A DAY PASSES, another, a week. I am going to live, but something isn’t right. Lying in the bed, I feel like a rag wrung out and draped to dry. I can’t sit up, can barely turn my head. I can’t move my legs. My grandmother settles into a chair beside me with her crocheting, looking at me now and then over the top of her rimless spectacles. “There, child. Rest is good. Baby steps.”

“Christie’s not a baby,” Al says. He’s lying on the floor pushing his green train engine. “She’s bigger than me.”

“Yes, she’s a big girl. But she needs rest so she can get better.”

“Rest is stupid,” Al says. He wants me back to normal so we can run to the barn, play hide-and-seek among the hay bales, poke at the gopher holes with a long stick.

I agree. Rest is stupid. I am tired of this narrow bed, the slice of window above it. I want to be outside, running through the grass, climbing up and down the stairs. When I fall asleep, I am careering down the hill, my arms outstretched and my strong legs pumping, grasses whipping against my calves, steady on toward the sea, closing my eyes and tilting my chin toward the sun, moving with ease, without pain, without falling. I wake in my bed to find the sheet damp with sweat.

“What’s wrong with me?” I ask my mother as she tucks a fresh sheet around me.

“You are as God made you.”

“Why would he make me like this?”

Her eyelids flicker—not quite a flutter, but a startled blink and long shut eye that I’ve come to recognize: It’s the expression she makes when she doesn’t know what to say. “We have to trust in his plan.”

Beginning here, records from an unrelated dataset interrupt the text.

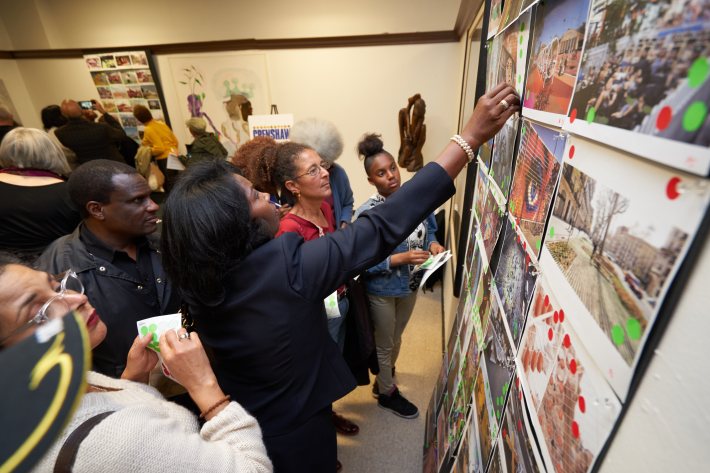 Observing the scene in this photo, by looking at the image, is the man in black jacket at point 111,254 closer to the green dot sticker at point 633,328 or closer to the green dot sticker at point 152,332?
the green dot sticker at point 152,332

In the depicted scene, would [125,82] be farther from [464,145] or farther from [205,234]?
[464,145]

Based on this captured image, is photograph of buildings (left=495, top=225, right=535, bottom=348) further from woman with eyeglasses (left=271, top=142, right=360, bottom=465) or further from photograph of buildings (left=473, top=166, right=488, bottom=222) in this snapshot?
woman with eyeglasses (left=271, top=142, right=360, bottom=465)

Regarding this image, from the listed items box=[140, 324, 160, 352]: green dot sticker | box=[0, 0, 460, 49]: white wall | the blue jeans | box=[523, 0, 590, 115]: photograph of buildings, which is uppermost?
box=[0, 0, 460, 49]: white wall

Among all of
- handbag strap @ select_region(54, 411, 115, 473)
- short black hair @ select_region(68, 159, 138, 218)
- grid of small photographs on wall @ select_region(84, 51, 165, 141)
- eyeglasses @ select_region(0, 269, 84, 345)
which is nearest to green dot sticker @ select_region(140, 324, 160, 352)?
eyeglasses @ select_region(0, 269, 84, 345)

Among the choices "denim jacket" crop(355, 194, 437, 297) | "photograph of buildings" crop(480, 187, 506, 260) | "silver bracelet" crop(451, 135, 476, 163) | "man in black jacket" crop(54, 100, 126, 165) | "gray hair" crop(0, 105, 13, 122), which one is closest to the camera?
"silver bracelet" crop(451, 135, 476, 163)

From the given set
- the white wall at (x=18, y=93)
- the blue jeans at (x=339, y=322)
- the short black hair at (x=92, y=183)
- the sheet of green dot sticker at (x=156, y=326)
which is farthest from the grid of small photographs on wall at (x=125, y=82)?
the sheet of green dot sticker at (x=156, y=326)

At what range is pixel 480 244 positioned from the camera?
1044 mm

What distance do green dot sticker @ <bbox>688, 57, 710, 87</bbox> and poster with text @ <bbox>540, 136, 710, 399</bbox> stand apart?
0.22ft

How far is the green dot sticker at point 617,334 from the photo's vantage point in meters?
0.31

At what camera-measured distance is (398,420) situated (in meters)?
1.91

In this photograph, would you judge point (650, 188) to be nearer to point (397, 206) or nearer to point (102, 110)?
point (397, 206)

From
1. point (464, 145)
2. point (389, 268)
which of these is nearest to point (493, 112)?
point (464, 145)

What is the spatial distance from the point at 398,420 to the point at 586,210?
1.91 metres

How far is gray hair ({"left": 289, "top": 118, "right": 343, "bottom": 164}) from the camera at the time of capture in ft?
6.34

My grandmother, crocheting in her chair, doesn’t say anything. But when Mother goes downstairs with the dirty sheets, she says, “Life is one trial after another. You’re just learning that earlier than most.”

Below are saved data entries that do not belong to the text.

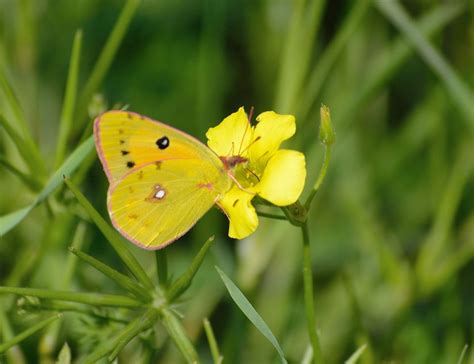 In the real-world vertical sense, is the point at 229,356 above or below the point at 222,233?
below

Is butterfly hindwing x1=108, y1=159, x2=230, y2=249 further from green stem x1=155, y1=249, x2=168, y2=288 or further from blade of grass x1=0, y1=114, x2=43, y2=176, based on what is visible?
blade of grass x1=0, y1=114, x2=43, y2=176

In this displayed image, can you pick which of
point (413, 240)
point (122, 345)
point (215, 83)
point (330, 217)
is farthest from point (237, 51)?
point (122, 345)

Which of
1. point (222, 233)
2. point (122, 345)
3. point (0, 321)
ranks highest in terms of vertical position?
point (222, 233)

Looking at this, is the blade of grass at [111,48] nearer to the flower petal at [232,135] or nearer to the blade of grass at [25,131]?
the blade of grass at [25,131]

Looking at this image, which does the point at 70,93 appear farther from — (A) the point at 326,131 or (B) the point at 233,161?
(A) the point at 326,131

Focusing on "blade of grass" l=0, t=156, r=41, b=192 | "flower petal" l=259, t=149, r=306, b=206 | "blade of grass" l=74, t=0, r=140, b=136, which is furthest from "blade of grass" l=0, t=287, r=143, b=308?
"blade of grass" l=74, t=0, r=140, b=136

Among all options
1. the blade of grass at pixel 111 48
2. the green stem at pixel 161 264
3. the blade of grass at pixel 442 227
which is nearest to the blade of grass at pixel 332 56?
the blade of grass at pixel 442 227

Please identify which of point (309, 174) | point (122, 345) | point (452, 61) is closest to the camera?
point (122, 345)

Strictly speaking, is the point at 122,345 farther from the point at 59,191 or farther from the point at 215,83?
the point at 215,83
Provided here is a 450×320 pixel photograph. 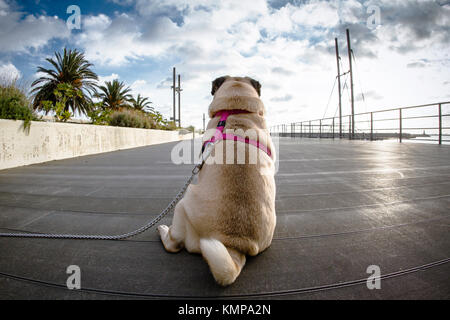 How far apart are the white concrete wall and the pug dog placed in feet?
16.7

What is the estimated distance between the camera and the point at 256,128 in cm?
135

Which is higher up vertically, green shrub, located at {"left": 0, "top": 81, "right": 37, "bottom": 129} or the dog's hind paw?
green shrub, located at {"left": 0, "top": 81, "right": 37, "bottom": 129}

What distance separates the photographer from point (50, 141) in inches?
211

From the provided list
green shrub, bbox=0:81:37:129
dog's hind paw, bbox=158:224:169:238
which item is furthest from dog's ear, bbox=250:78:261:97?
green shrub, bbox=0:81:37:129

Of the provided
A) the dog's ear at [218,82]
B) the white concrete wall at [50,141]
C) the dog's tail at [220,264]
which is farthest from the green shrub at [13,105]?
the dog's tail at [220,264]

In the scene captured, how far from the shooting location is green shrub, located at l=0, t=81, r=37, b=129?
436 centimetres

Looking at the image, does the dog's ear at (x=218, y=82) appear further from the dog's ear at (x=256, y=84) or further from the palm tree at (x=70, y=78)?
the palm tree at (x=70, y=78)

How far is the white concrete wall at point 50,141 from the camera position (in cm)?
422

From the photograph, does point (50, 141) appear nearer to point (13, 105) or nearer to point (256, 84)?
point (13, 105)

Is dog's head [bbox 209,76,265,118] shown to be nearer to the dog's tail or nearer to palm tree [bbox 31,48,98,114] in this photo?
the dog's tail

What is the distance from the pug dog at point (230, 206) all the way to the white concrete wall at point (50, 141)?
201 inches

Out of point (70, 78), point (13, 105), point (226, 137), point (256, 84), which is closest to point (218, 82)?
point (256, 84)

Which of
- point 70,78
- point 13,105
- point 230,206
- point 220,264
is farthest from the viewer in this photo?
point 70,78

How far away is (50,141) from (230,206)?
6.43 meters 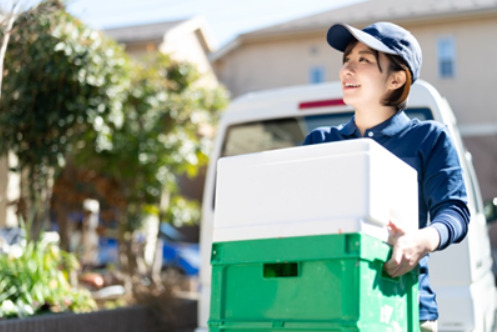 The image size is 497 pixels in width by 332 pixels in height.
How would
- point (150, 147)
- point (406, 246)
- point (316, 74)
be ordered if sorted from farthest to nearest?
point (316, 74) < point (150, 147) < point (406, 246)

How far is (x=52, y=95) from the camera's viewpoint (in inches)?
278

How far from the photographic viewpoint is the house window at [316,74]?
21.4 metres

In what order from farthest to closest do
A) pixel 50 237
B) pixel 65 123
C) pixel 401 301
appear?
1. pixel 50 237
2. pixel 65 123
3. pixel 401 301

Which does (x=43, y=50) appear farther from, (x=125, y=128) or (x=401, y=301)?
(x=401, y=301)

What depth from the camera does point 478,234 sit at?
467 centimetres

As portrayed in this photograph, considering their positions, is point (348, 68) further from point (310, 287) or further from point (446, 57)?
point (446, 57)

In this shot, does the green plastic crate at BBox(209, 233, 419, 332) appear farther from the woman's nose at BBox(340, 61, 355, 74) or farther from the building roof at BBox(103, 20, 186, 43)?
the building roof at BBox(103, 20, 186, 43)

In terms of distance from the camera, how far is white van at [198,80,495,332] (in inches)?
165

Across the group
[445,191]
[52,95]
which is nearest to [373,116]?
[445,191]

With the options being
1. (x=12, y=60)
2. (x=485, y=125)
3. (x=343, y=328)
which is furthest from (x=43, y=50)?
(x=485, y=125)

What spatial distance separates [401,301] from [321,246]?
0.34 m

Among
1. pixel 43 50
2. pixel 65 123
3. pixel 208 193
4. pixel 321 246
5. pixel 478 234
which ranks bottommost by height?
pixel 321 246

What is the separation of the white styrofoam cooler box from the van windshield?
9.41 ft

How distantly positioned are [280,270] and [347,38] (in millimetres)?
879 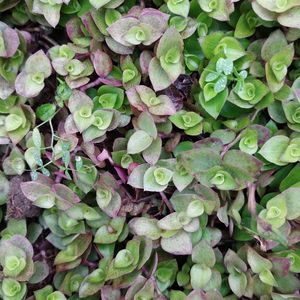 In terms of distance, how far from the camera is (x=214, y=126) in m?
1.33

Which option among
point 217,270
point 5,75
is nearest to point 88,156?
point 5,75

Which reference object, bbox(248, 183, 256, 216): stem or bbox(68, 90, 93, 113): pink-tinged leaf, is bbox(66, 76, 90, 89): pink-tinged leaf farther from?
bbox(248, 183, 256, 216): stem

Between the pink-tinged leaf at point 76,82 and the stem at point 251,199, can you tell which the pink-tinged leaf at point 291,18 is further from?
the pink-tinged leaf at point 76,82

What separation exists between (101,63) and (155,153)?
256 millimetres

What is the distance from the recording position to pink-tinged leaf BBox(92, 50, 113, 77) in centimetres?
133

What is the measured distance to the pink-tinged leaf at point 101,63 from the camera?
133cm

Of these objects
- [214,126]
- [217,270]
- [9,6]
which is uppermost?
[9,6]

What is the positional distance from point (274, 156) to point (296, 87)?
17cm

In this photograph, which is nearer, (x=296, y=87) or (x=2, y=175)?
(x=296, y=87)

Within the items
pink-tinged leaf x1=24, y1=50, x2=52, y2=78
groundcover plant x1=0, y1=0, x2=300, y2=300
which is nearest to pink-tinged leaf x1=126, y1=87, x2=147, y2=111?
groundcover plant x1=0, y1=0, x2=300, y2=300

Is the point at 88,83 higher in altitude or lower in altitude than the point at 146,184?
higher

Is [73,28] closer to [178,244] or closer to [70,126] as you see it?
[70,126]

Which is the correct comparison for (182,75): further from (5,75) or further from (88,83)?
(5,75)

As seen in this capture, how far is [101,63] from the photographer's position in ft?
4.40
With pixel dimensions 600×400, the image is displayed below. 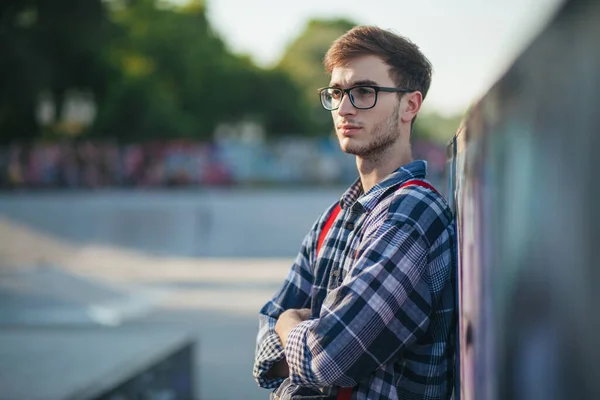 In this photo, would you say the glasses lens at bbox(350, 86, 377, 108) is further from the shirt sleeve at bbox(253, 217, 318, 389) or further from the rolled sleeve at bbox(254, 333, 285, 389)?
the rolled sleeve at bbox(254, 333, 285, 389)

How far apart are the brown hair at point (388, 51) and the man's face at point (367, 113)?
17 millimetres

“But why am I the only one?”

She laughs. “Oh, child, you’re not the only one.” She tells me about a sailor in their crew with one leg who thumped around deck on a wooden dowel, another with a hunchback that made him scuttle like a crab, one born with six fingers on each hand. (How quickly that boy could tie knots!) One with a foot like a cabbage, one with scaly skin like a reptile, conjoined twins she once saw on the street . . . People have maladies of all kinds, she says, and if they have any sense, they don’t waste time whining about them. “We all have our burdens to bear,” she says. “You know what yours is, now. That’s good. You’ll never be surprised by it.”

Mamey tells me a story about when she and Captain Sam were shipwrecked in a storm, cast adrift on a precarious raft in the middle of the ocean, shivering and alone, with scant provisions. The sun set and rose, set and rose; their food and water dwindled. They despaired that they would never be rescued. She tore strips of clothing, tied them to an oar, and managed to prop this wretched flag upright. For weeks, they saw no one. They licked their salt-cracked lips and closed their sunburned lids, resigning themselves to their all-but-certain fates, blessed unconsciousness and death. And then, one evening near sundown, a speck on the horizon materialized into a ship heading directly toward them, drawn by the fluttering rags.

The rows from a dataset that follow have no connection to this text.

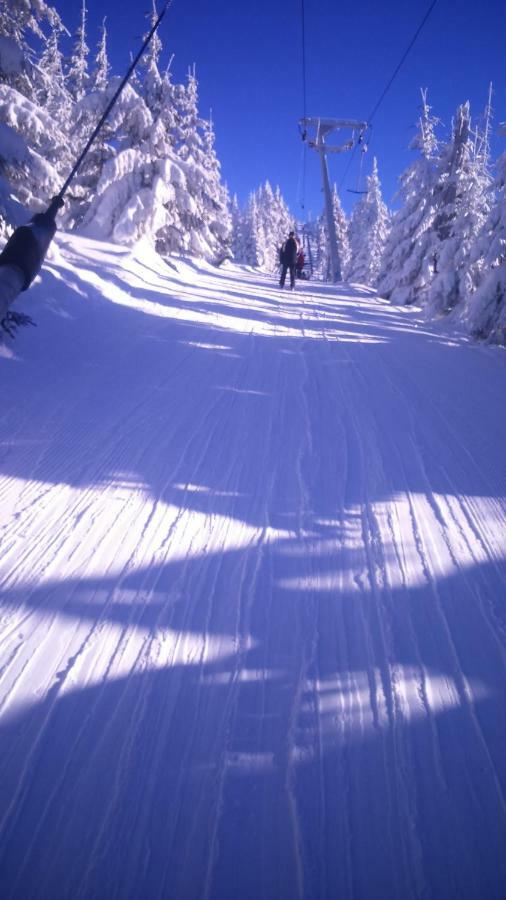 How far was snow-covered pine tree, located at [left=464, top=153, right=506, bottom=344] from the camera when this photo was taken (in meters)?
9.94

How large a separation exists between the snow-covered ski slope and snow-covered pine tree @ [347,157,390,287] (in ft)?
130

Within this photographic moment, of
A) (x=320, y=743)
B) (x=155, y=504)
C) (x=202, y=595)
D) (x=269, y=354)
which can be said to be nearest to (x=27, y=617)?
(x=202, y=595)

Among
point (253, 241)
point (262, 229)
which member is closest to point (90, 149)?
point (253, 241)

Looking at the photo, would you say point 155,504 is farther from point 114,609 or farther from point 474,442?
point 474,442

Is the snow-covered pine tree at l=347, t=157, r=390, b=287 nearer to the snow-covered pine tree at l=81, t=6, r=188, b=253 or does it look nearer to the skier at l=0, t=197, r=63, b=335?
the snow-covered pine tree at l=81, t=6, r=188, b=253

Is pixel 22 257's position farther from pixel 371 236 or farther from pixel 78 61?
pixel 371 236

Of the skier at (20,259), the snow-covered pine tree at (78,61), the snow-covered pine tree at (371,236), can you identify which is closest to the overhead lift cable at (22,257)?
the skier at (20,259)

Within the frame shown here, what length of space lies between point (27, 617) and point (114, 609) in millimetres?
499

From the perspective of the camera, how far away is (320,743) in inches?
80.4

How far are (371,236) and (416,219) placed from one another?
2264cm

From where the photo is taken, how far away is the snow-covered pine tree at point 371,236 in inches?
1624

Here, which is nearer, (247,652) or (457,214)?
(247,652)

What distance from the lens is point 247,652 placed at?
2.46m

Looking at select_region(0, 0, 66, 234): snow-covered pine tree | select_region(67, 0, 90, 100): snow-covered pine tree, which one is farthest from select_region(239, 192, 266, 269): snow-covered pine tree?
select_region(0, 0, 66, 234): snow-covered pine tree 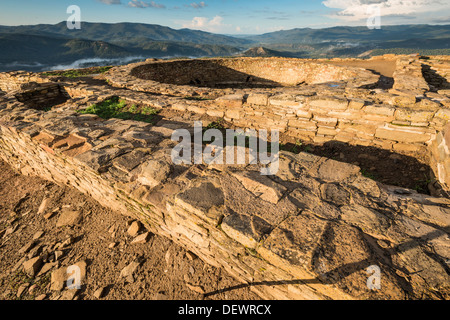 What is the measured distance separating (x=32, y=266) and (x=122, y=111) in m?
4.78

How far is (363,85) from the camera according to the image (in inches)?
299

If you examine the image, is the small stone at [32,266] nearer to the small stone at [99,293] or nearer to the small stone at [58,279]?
the small stone at [58,279]

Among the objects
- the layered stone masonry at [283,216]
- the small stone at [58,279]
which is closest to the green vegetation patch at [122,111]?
the layered stone masonry at [283,216]

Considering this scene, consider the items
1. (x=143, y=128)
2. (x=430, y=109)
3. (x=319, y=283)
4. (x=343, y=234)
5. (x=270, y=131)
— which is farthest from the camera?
(x=270, y=131)

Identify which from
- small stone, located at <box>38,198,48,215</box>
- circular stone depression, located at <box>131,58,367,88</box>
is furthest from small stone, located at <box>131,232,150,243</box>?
circular stone depression, located at <box>131,58,367,88</box>

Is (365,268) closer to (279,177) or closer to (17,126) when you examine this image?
(279,177)

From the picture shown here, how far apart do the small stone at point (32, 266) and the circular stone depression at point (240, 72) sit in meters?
12.3

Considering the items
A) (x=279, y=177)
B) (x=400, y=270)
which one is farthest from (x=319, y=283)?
(x=279, y=177)

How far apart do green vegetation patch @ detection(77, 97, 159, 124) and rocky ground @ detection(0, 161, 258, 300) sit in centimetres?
283

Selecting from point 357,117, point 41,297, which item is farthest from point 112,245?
point 357,117

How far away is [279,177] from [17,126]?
20.4 feet

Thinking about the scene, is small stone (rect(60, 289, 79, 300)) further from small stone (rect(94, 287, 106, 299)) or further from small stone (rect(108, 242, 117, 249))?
small stone (rect(108, 242, 117, 249))

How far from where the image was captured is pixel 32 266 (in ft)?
10.4

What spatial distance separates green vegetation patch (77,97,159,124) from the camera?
628 centimetres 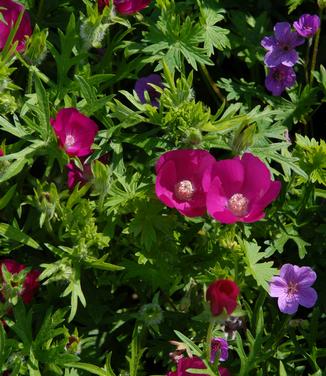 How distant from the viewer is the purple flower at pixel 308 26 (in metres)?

“The most important qualities a human can possess are an iron will and a persevering spirit,” Mamey says. She says I inherited those qualities from her, and that in the same way she survived the shipwreck, when all hope was lost, and the deaths of her three boys, when she thought her heart might pulverize like a shell into sand, I will find a way to keep going, no matter what happens. Most people aren’t as lucky as I am, she says, to come from such hardy stock.